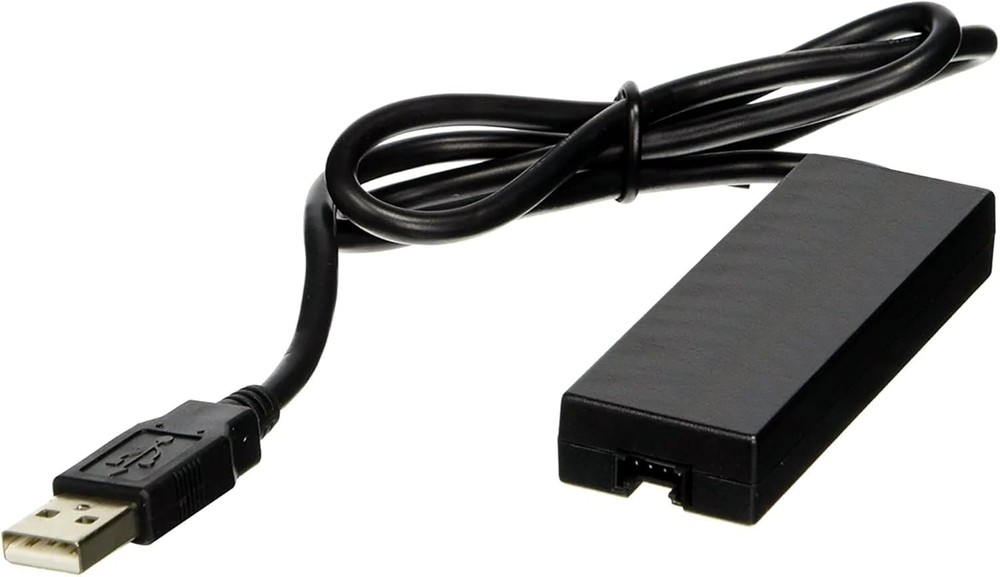 Genuine Weblink Updater Interface USB Cable for Firmware Programming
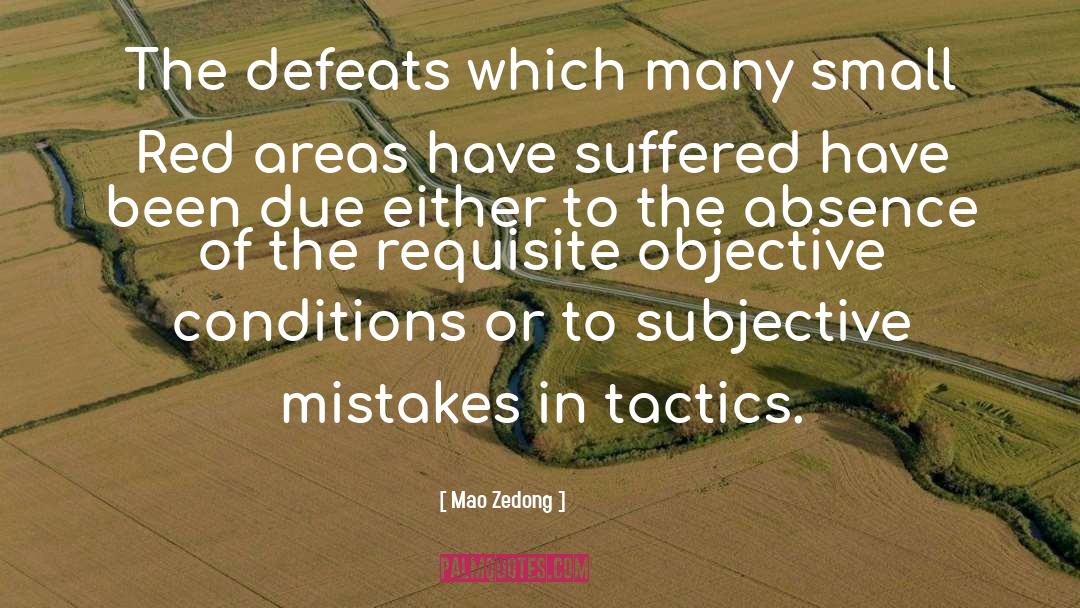 Chairman Mao quotes by Mao Zedong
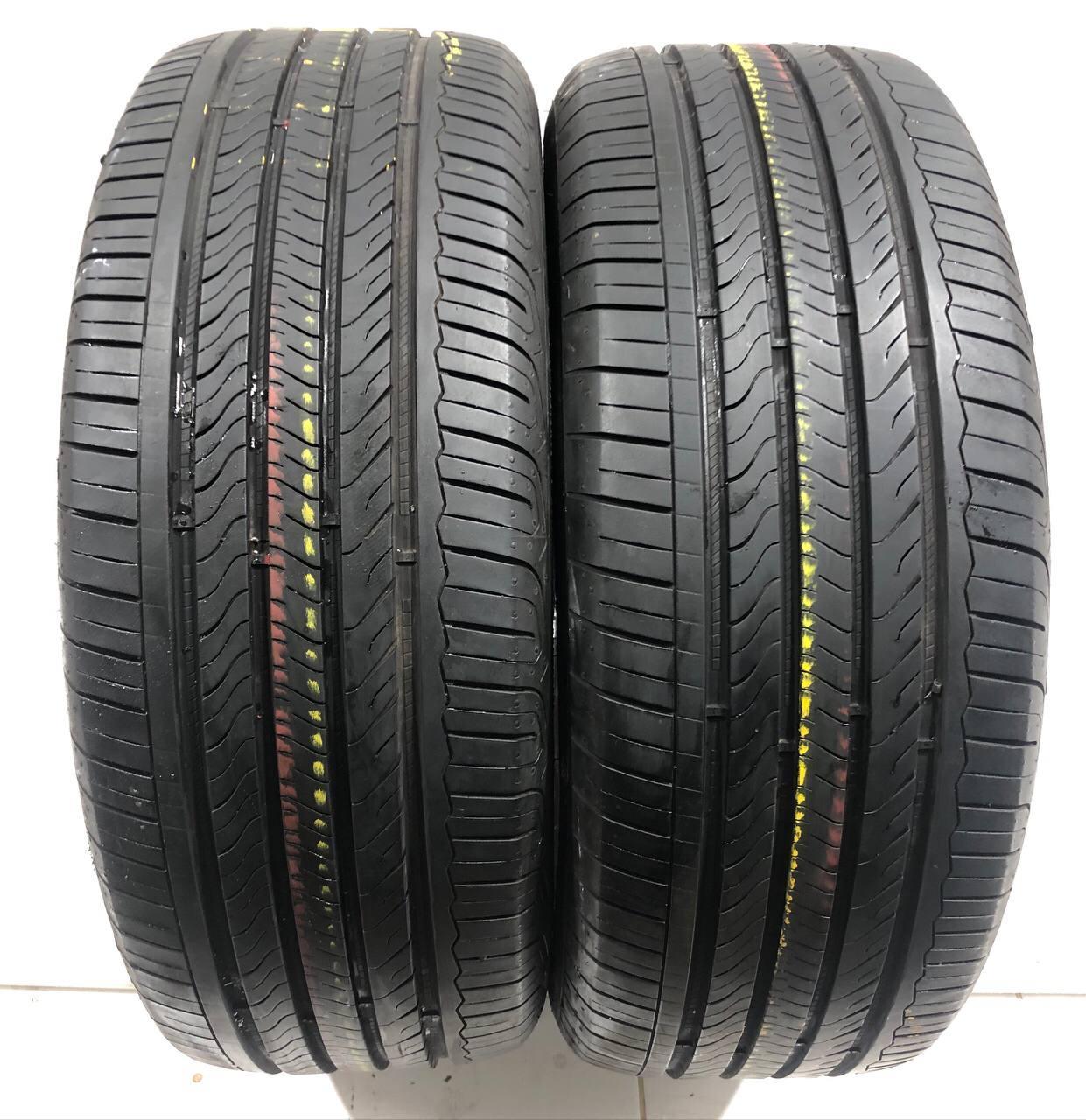 Резина Goodyear Assurance Triplemax 2 215 55 17 БУ Шины 215 55 Летние купить онлайн со скидкой 10% за 7800 руб.  Скидка, распродажа. Купить онлайн недорого. Уценка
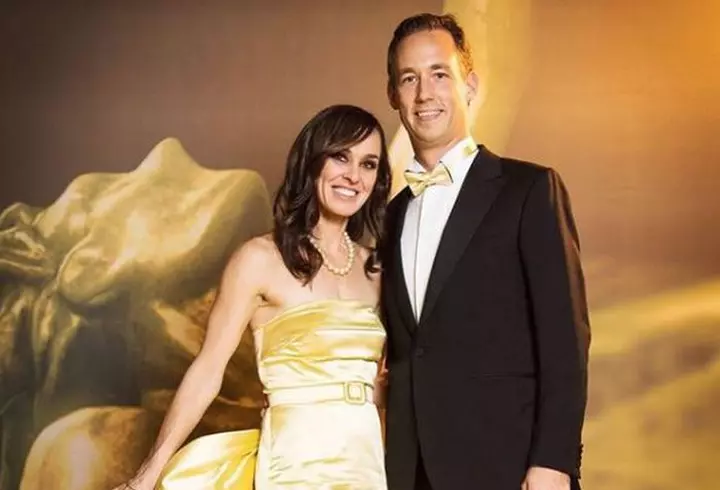 Angela Gheorghiu, marea absentă de la nunta fostului principe Nicolae cu Alina Binder. Motivul pentru care a lipsit celebra soprană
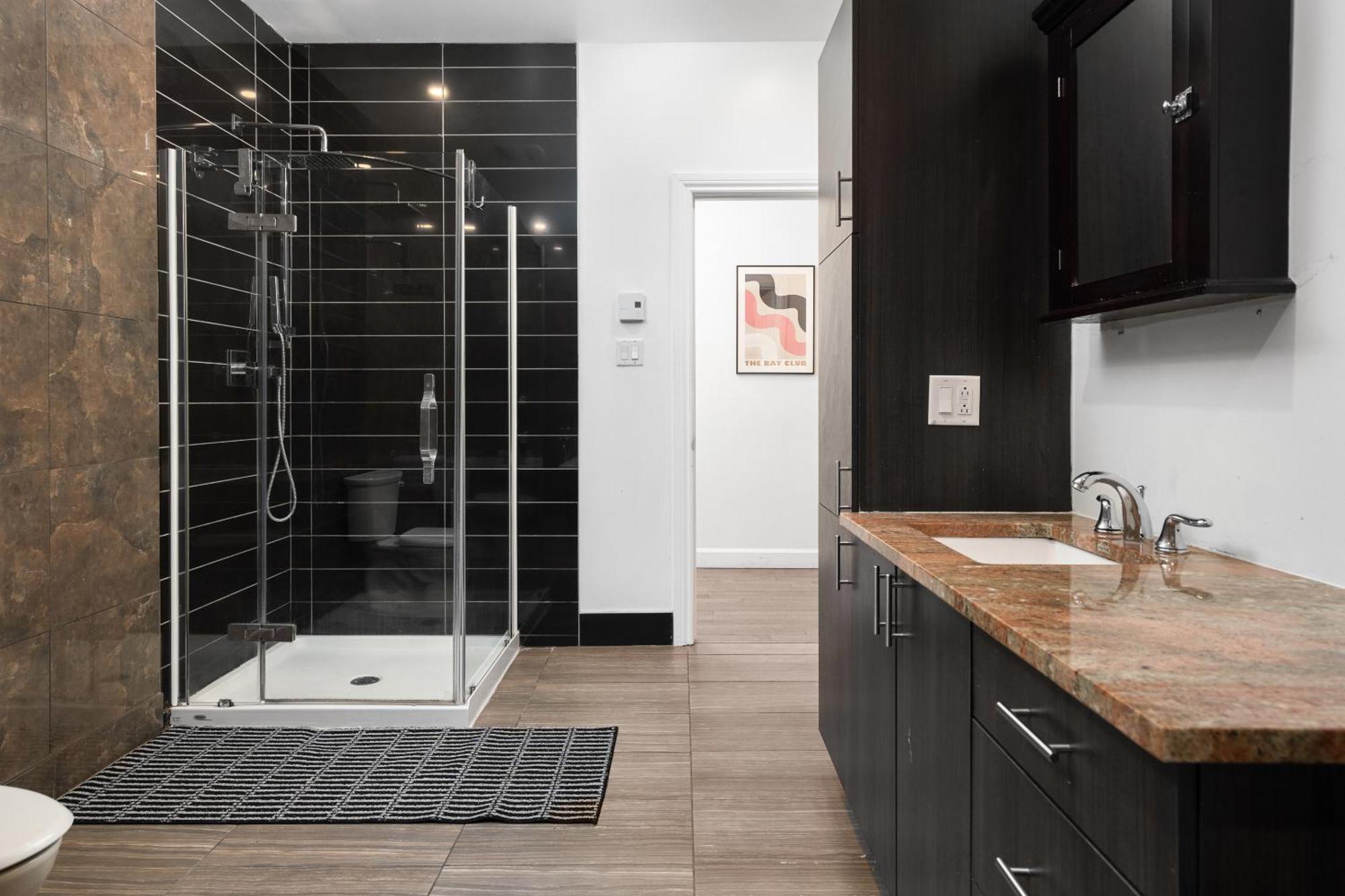 Boutique Lofts Notre Dame - Vieux Montreal 아파트 외부 사진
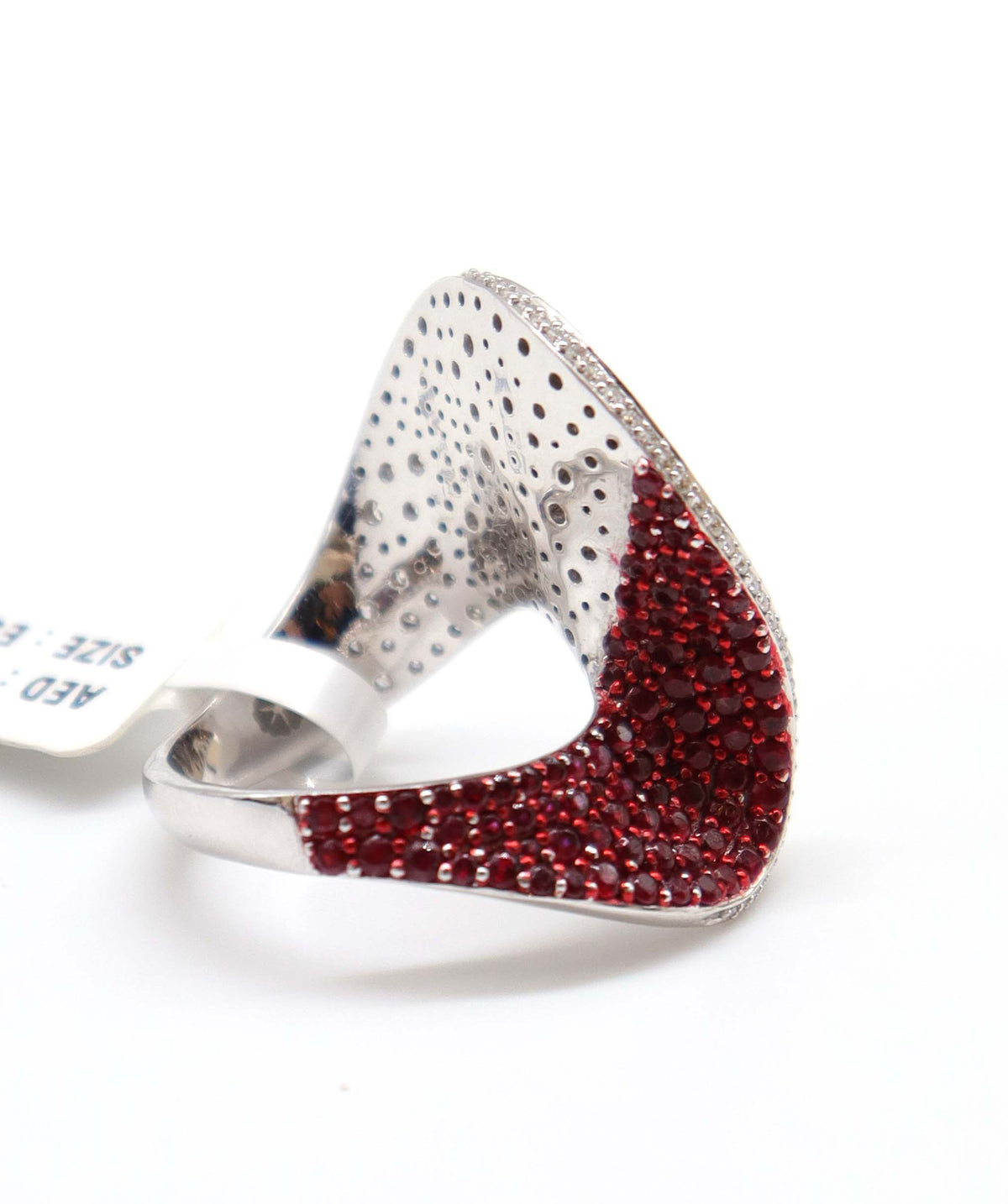1.59ct KAMYEN RING R-X97G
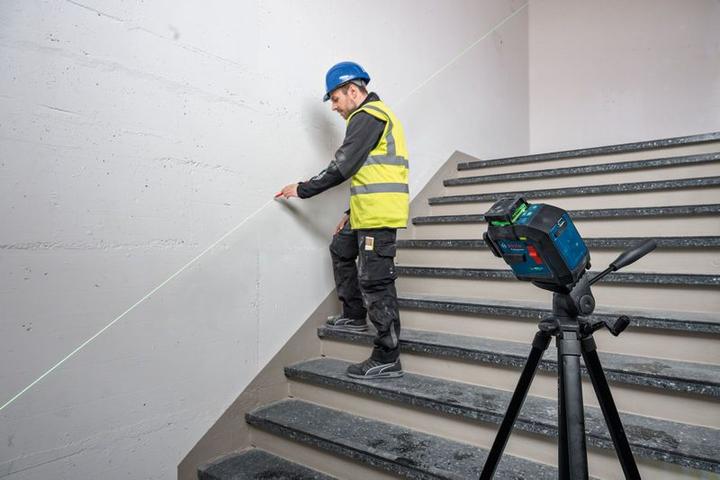 Produktbild Bosch Professional Linienlaser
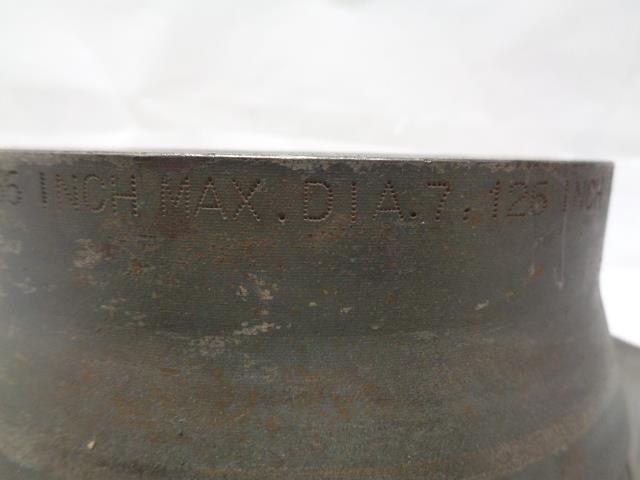 USED GENUINE PORSCHE REAR BRAKE ROTOR 951 352 041 02 FOR 944S2 CARRERA 2&4 R21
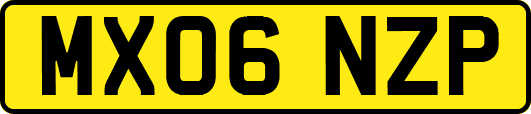 MX06NZP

- [WHAT YOU WILL DO]: Copy out every line of the data above, taking care to leave the pictures out.

- [RESPONSE]:
 Genuine Weblink Updater Interface USB Cable for Firmware Programming
 Chairman Mao quotes by Mao Zedong
 Резина Goodyear Assurance Triplemax 2 215 55 17 БУ Шины 215 55 Летние купить онлайн со скидкой 10% за 7800 руб.  Скидка, распродажа. Купить онлайн недорого. Уценка
 Angela Gheorghiu, marea absentă de la nunta fostului principe Nicolae cu Alina Binder. Motivul pentru care a lipsit celebra soprană
 Boutique Lofts Notre Dame - Vieux Montreal 아파트 외부 사진
1.59ct KAMYEN RING R-X97G
 Produktbild Bosch Professional Linienlaser
 USED GENUINE PORSCHE REAR BRAKE ROTOR 951 352 041 02 FOR 944S2 CARRERA 2&4 R21
 MX06NZP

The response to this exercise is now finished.